Concurrency bugs take many shapes and forms. We have race conditions, reordering of code, visibility issues of fields, live locks, deadlocks and of course the performance related bugs, such as contention and starvation. One thing that they have in common is that they are damn elusive.
In this InfoQ article, I will examine two threading bugs that I discovered, show how I found them and then explain the solution (if there is one). One happened in a customer project and the other was discovered in the JVM itself. But first, a quick discussion about the Java Memory Model (JMM). Depending on the feedback from this article, I might follow up with Hunting II, Hunting III and maybe even Good Will Hunting.
Java Memory Model (JMM)
Astute readers would have heard of the Java Memory Model (JMM). It is a theoretical description of how Java is supposed to behave with memory shared between different threads. Imagine it as the rule book for what has to happen when two threads want to read and write to the same memory location. All Java Virtual Machines have to be implemented according to the JMM. However, it might surprise you that we do not have any tests to verify that a JVM adheres to the JMM. What makes this even more difficult is that even concurrency experts cannot agree on how the rules should be interpreted. A couple of years ago, the question was asked on the concurrency interest list: "Why can constructors not be synchronized?" In other words, why won't this compile?

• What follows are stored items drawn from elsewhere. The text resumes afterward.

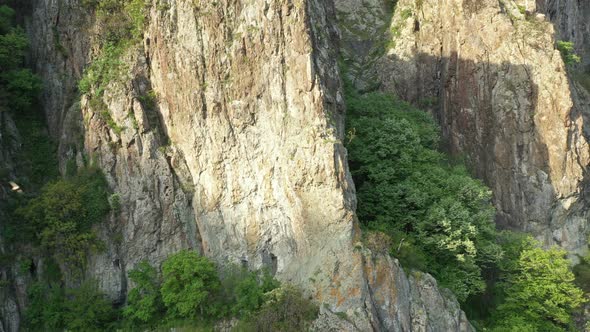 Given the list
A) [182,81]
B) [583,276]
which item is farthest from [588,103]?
[182,81]

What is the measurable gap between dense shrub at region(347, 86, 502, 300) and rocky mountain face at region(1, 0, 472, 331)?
259cm

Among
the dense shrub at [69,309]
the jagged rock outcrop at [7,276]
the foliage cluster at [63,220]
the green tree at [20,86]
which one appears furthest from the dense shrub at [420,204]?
the green tree at [20,86]

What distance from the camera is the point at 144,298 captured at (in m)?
21.6

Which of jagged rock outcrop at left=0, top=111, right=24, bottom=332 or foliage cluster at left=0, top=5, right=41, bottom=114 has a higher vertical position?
foliage cluster at left=0, top=5, right=41, bottom=114

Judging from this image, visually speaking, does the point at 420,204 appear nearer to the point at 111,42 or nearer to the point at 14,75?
the point at 111,42

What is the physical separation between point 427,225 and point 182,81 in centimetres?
1526

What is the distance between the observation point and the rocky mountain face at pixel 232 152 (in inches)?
861

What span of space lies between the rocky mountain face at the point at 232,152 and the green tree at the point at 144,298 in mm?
1518

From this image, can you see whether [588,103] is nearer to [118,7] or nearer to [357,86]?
[357,86]

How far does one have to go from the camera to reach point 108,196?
2438 centimetres

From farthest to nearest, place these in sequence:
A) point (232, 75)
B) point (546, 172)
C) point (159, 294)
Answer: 1. point (546, 172)
2. point (232, 75)
3. point (159, 294)

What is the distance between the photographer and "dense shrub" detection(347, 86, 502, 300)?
81.6 ft

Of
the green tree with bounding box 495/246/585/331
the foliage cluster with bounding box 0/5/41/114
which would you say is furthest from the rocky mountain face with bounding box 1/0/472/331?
the green tree with bounding box 495/246/585/331

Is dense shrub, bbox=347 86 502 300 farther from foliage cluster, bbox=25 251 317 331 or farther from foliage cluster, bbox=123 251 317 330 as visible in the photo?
foliage cluster, bbox=25 251 317 331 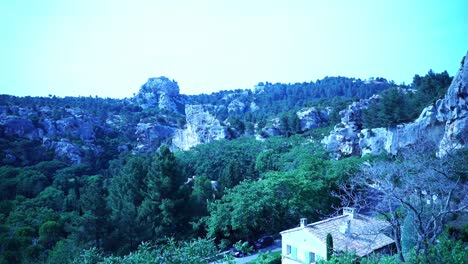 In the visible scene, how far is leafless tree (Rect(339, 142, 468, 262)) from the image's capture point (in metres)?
11.3

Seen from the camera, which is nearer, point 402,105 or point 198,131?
point 402,105

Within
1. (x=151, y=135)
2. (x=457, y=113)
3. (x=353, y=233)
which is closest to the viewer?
(x=353, y=233)

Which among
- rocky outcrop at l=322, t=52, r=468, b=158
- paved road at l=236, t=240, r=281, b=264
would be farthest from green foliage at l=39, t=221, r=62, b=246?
rocky outcrop at l=322, t=52, r=468, b=158

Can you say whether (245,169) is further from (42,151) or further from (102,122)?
(102,122)

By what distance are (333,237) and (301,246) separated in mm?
1930

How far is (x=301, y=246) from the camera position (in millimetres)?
19328

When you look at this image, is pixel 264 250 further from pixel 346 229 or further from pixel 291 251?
pixel 346 229

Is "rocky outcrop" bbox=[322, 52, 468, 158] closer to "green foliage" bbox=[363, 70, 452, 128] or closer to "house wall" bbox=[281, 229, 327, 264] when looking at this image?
"green foliage" bbox=[363, 70, 452, 128]

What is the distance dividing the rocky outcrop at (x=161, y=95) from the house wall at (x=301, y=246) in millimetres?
106798

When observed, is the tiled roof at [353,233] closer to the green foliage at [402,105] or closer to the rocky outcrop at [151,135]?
the green foliage at [402,105]

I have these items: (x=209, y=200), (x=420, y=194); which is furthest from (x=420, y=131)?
(x=420, y=194)

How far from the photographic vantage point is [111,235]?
23.3 metres

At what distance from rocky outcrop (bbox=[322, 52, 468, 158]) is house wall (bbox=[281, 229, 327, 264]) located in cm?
1137

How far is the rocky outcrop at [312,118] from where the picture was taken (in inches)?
2638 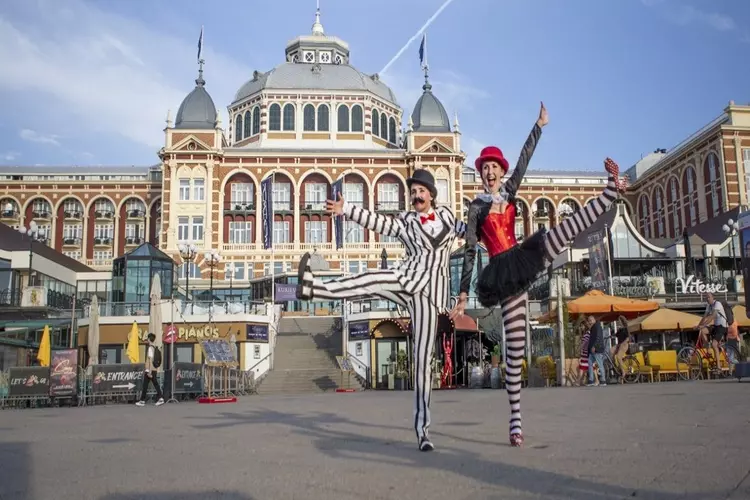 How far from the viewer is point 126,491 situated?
150 inches

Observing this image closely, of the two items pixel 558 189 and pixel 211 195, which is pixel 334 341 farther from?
pixel 558 189

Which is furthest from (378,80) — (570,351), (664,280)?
(570,351)

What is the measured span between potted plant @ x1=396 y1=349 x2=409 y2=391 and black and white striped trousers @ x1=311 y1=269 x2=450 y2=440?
70.6ft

public class MyObject { private List<String> objects; public synchronized MyObject() { objects = new ArrayList<String>(); } }
The discussion started with someone pointing out why it was not necessary, because the object had not been constructed yet. However, if the object is not properly published (see Brian Goetz' book “Java Concurrency in Practice”), then we could get concurrency bugs. About a hundred emails later, we still could not get consensus whether this was a problem or not, according to the JMM.

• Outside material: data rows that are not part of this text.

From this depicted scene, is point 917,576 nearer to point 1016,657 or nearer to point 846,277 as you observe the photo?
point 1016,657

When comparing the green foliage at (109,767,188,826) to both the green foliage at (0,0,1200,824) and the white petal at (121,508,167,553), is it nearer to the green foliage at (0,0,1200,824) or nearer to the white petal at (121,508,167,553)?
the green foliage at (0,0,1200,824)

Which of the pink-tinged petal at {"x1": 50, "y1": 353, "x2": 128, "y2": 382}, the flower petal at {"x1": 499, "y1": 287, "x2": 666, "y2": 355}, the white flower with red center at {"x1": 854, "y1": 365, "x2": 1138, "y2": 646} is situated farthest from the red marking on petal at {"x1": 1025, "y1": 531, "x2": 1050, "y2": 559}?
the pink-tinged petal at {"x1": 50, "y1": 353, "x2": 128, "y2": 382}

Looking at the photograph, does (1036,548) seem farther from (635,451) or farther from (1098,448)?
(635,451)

Testing code is hard. How do you explain to your mother that in Java for a and b both positive, you can have "a + b = c" and "c < a" and "c < b"?

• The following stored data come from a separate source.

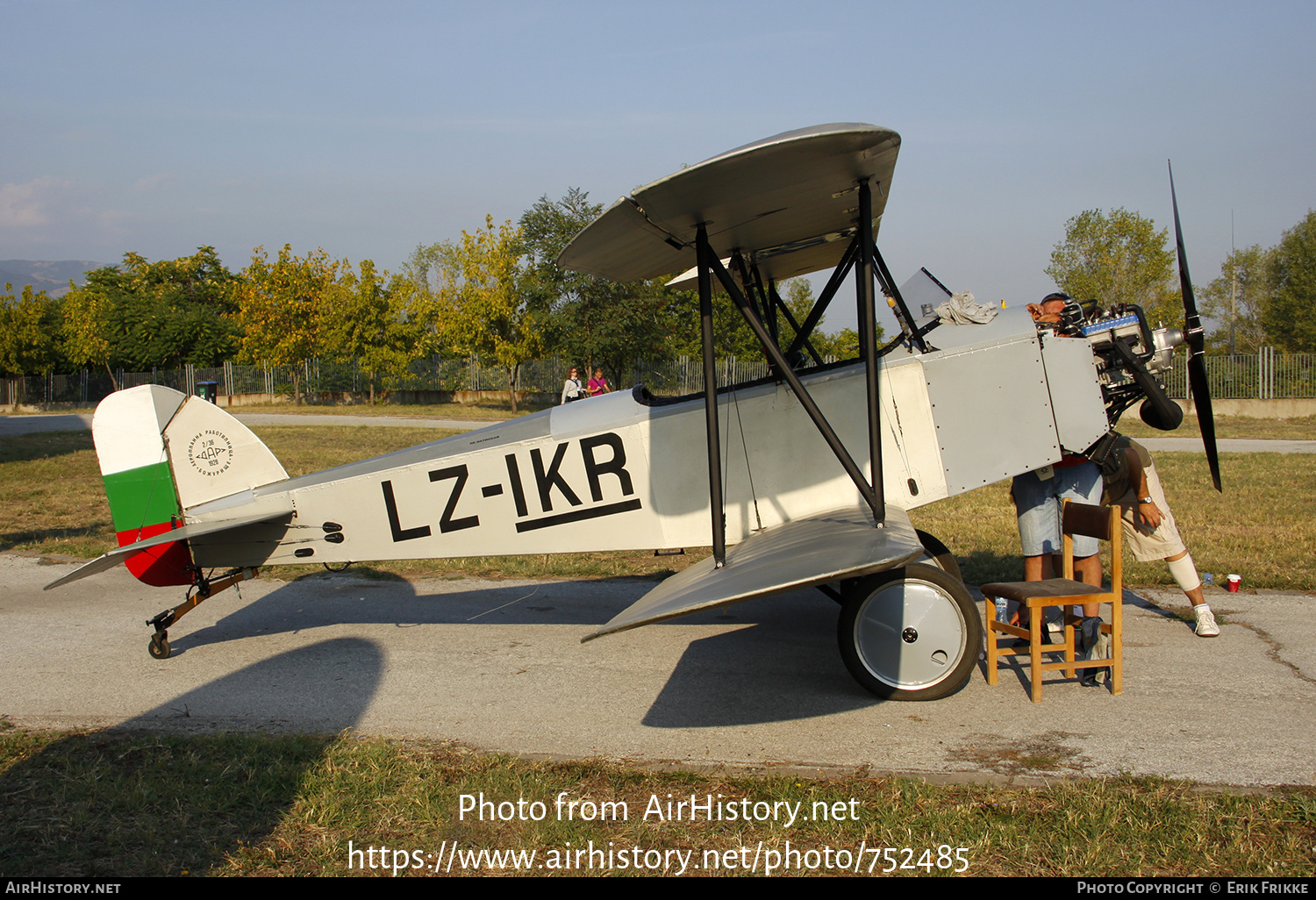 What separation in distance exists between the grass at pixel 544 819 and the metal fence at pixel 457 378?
982 inches

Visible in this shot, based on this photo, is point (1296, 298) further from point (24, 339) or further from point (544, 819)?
point (24, 339)

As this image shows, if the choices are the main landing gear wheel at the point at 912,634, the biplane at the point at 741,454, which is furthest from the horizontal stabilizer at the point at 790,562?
the main landing gear wheel at the point at 912,634

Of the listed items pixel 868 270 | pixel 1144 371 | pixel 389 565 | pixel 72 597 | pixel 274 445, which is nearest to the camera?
pixel 868 270

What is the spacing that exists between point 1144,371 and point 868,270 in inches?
81.7

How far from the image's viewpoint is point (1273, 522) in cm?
938

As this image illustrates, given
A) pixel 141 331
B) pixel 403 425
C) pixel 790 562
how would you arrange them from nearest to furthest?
1. pixel 790 562
2. pixel 403 425
3. pixel 141 331

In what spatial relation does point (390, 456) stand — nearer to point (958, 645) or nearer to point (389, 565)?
point (389, 565)

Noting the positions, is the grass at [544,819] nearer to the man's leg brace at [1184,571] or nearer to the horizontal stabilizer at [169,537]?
the horizontal stabilizer at [169,537]

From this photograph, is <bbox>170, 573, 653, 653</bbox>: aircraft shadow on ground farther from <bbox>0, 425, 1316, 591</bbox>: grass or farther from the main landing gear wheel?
the main landing gear wheel

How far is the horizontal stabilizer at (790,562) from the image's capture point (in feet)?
12.9

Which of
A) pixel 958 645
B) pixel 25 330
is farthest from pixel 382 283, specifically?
pixel 958 645

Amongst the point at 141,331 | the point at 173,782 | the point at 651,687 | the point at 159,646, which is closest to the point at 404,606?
the point at 159,646

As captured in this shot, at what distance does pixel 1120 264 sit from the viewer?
36.7 meters

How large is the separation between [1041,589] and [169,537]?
18.0 ft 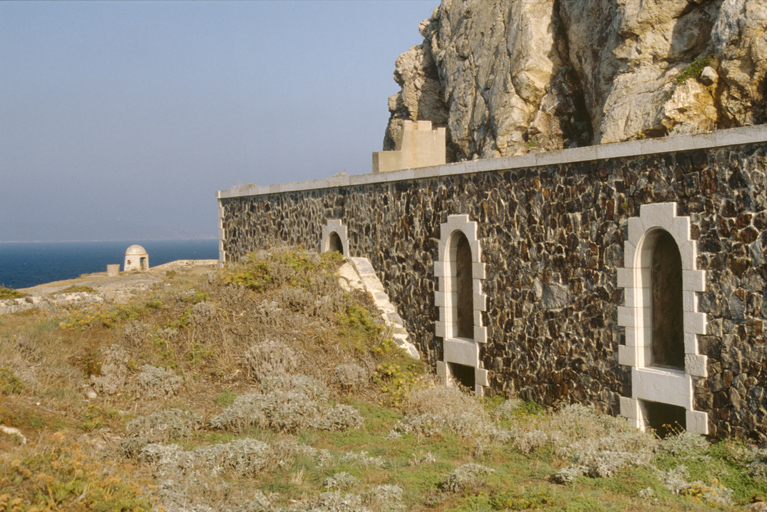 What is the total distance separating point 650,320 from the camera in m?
10.6

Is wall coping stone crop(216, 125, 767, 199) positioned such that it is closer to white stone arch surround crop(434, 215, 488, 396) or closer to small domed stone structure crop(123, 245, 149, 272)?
white stone arch surround crop(434, 215, 488, 396)

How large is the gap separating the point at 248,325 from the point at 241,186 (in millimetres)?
10046

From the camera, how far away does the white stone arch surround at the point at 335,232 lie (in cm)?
1830

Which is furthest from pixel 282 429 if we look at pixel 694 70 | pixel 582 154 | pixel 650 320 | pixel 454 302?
pixel 694 70

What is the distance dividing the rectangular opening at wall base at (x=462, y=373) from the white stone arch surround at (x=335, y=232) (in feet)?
15.3

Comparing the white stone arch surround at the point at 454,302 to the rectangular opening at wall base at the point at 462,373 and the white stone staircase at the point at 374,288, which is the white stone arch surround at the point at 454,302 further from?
the white stone staircase at the point at 374,288

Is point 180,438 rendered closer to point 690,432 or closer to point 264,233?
point 690,432

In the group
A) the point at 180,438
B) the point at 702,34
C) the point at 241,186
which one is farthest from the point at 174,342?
the point at 702,34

import org.junit.*; import static org.junit.Assert.assertTrue; public class CrazyMath { @Test public void testSanity() { int a = 1_000_000_000; int b = 2_000_000_000; int c = a + b; assertTrue(c < a); assertTrue(c < b); } }
If testing single-threaded code for correctness is hard, then the multi-threaded case is exponentially harder. This explains why there are zero test cases for checking whether a particular JVM adheres to the JMM. You might think that there are no concurrency bugs in your JVM, but you'd be wrong.
Unbreakable Hard Spin
Let's start with one that was with us for a very long time, from Java 1.6.0_14 and only fixed in 1.7.0_40. I reported it in 2010, but it took another three years for the bug to be repaired. I first mentioned it in my Java Specialists' Newsletter. My code is correct according to the JMM, but it somehow gets itself into a state where no safe point can be reached, and thus it continues forever in a livelock. You cannot exit normally and even jstack refuses to give us a thread dump. You might need to run it a few times before it fails. It also fails more quickly if you press CTRL+C whilst it is running. It failed on any OpenJDK version from 1.6.0_14 up to and including 1.7.0_25, on all platforms I tried.
import java.util.*; /** * Whilst writing the Interlocker, we discovered this bug in the * JVM server hotspot that has been around since 1.6.0_14, * released 2009-05-28. The JVM might end up in an unbreakable * hard spin if you run this code. It has been logged as a bug. * It was finally solved in 1.7.0_40, released 2013-09-10, more * than four years later. * * Described in http://www.javaspecialists.eu/archive/Issue188.html * * @author Dr Heinz M. Kabutz */ public class VirtualMachineLiveLock { private static final boolean BROKEN = true; public volatile boolean evenHasNextTurn = true; private class InterleavedTask implements Runnable { private final boolean even; InterleavedTask(boolean even) { this.even = even; } public void run() { while (!isDone()) { // busy wait - tends to hang up the process. while (BROKEN ? even && !evenHasNextTurn || !even && evenHasNextTurn : even ^ evenHasNextTurn) ; if (isDone()) { return; } call(); evenHasNextTurn = !even; } } } private final int upto = 50; private volatile int count; public boolean isDone() { return count >= upto; } public void call() { int temp = count + 1; sleepQuietly(); count = temp; System.out.println("temp = " + temp); } private void sleepQuietly() { try { Thread.sleep(100); } catch (InterruptedException e) { Thread.currentThread().interrupt(); } } private void check() throws InterruptedException { Thread[] threads = { new Thread(new InterleavedTask(true)), new Thread(new InterleavedTask(false)), }; for (Thread thread : threads) { thread.start(); } for (Thread thread : threads) { thread.join(); } } public static void main(String[] args) throws InterruptedException { Timer timer = new Timer(true); timer.schedule(new TimerTask() { public void run() { System.out.println("VM still alive (a bit)"); } }, 1000, 1000); VirtualMachineLiveLock vmll = new VirtualMachineLiveLock(); vmll.check(); } }
Now that we've seen the code that produces the error, I would like to go through the thought process that allowed me to discover it and to make it reproducible. It will hopefully also explain why these bugs are so elusive.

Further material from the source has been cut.